The input Block Start

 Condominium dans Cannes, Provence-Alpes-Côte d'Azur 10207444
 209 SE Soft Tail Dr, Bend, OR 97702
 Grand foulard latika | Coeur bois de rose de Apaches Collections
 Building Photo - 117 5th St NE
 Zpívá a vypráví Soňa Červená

The input Block End
The input Block Start

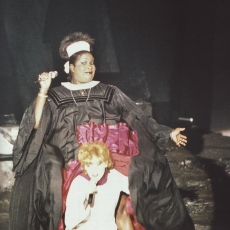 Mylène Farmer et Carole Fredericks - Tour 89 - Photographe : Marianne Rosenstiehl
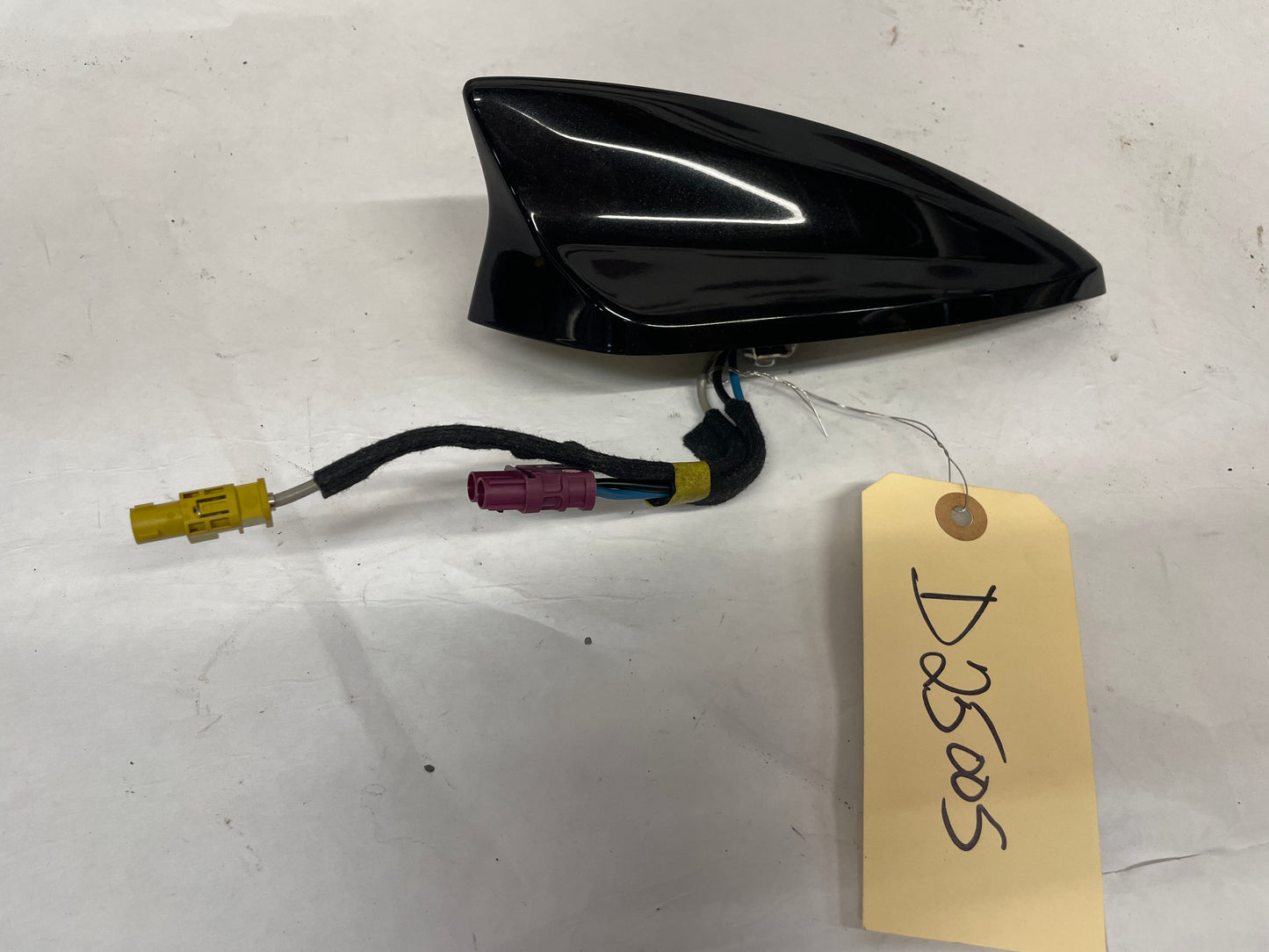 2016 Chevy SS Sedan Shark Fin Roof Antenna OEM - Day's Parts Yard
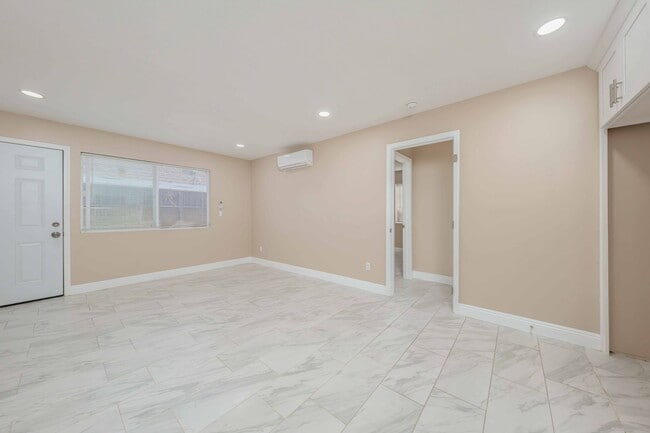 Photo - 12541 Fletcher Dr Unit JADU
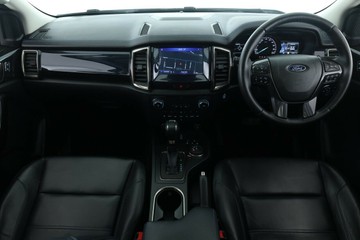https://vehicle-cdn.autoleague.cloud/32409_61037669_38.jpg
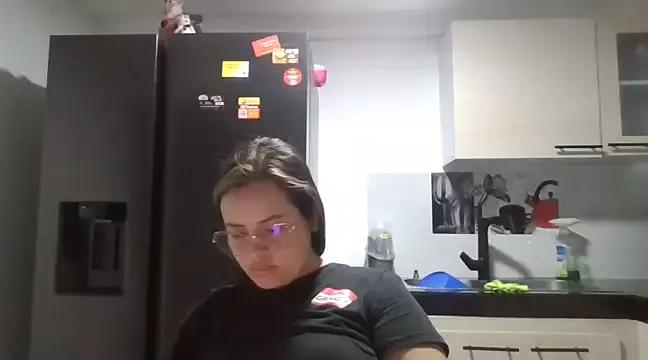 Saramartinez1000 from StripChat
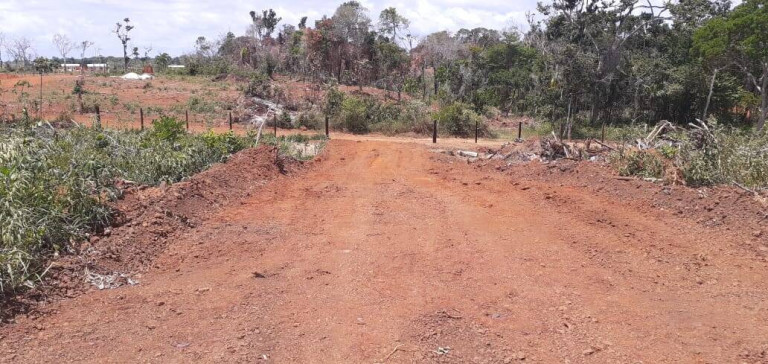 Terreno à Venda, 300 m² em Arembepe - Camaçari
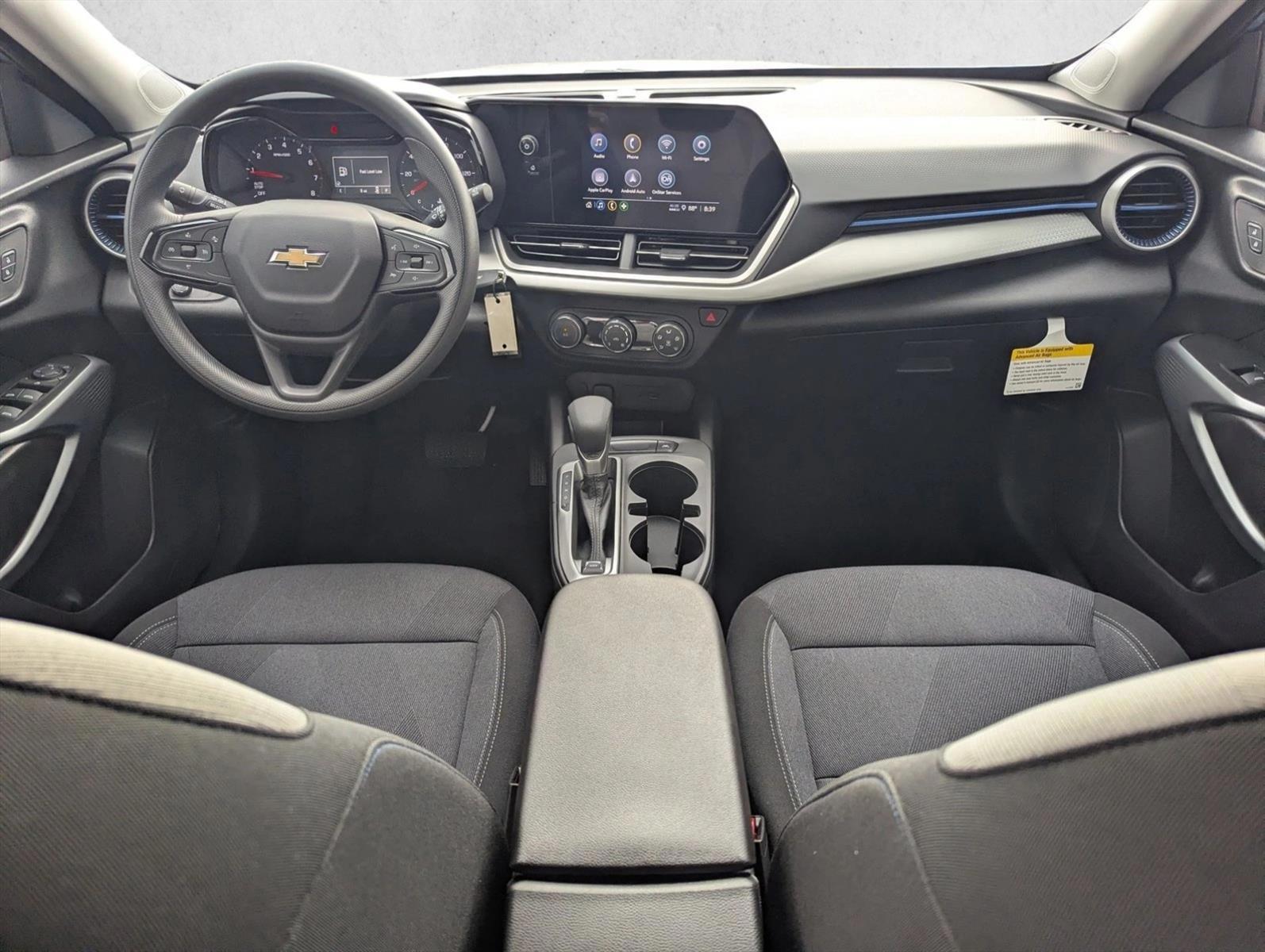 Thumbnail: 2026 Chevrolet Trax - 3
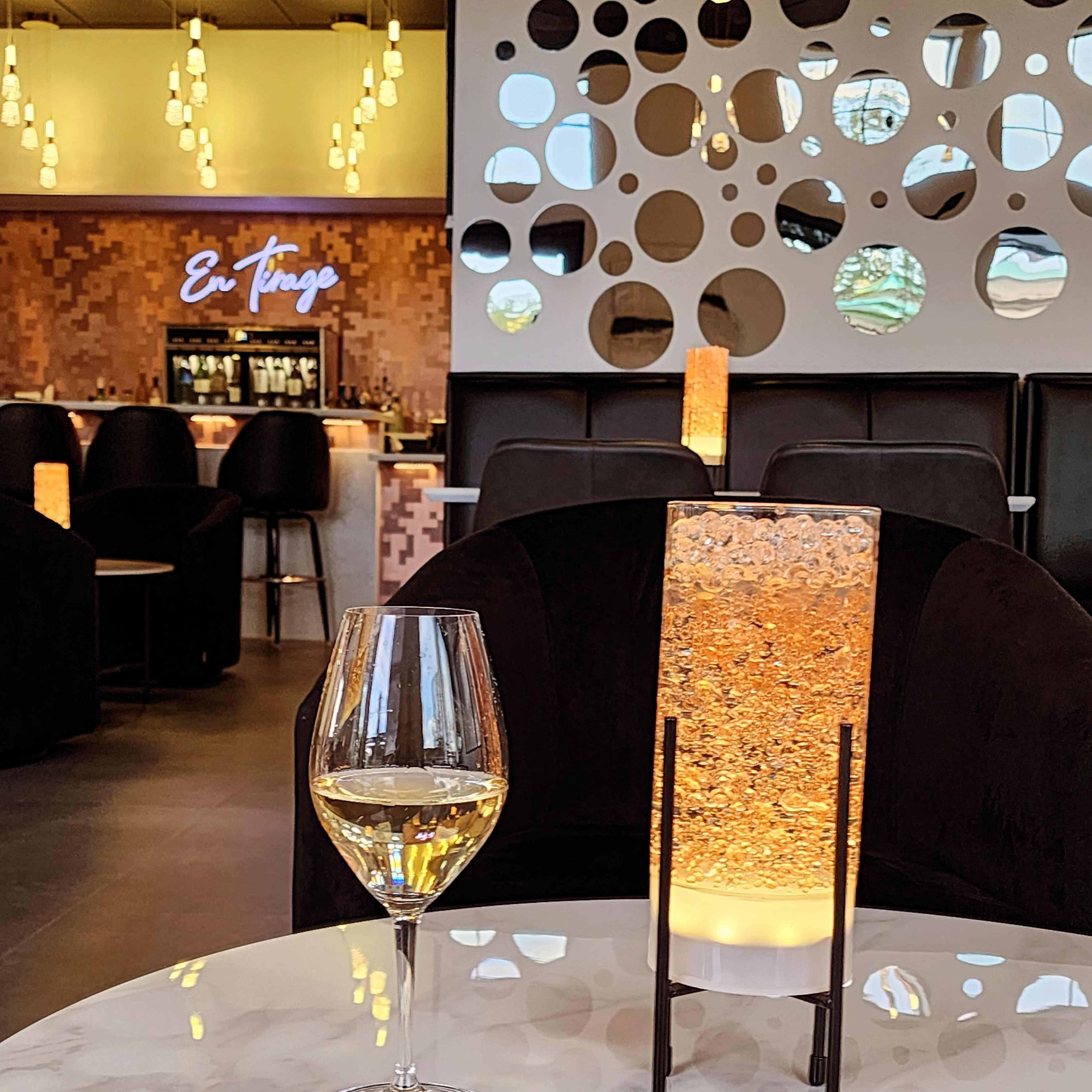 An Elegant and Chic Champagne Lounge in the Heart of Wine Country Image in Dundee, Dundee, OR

The input Block End
The input Block Start

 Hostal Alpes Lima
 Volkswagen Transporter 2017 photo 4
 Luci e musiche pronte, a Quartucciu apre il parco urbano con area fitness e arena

The input Block End

Task details
With "Alpes" as the search string, filter the records and return each line that has it.

Result for this task
 Condominium dans Cannes, Provence-Alpes-Côte d'Azur 10207444
 Hostal Alpes Lima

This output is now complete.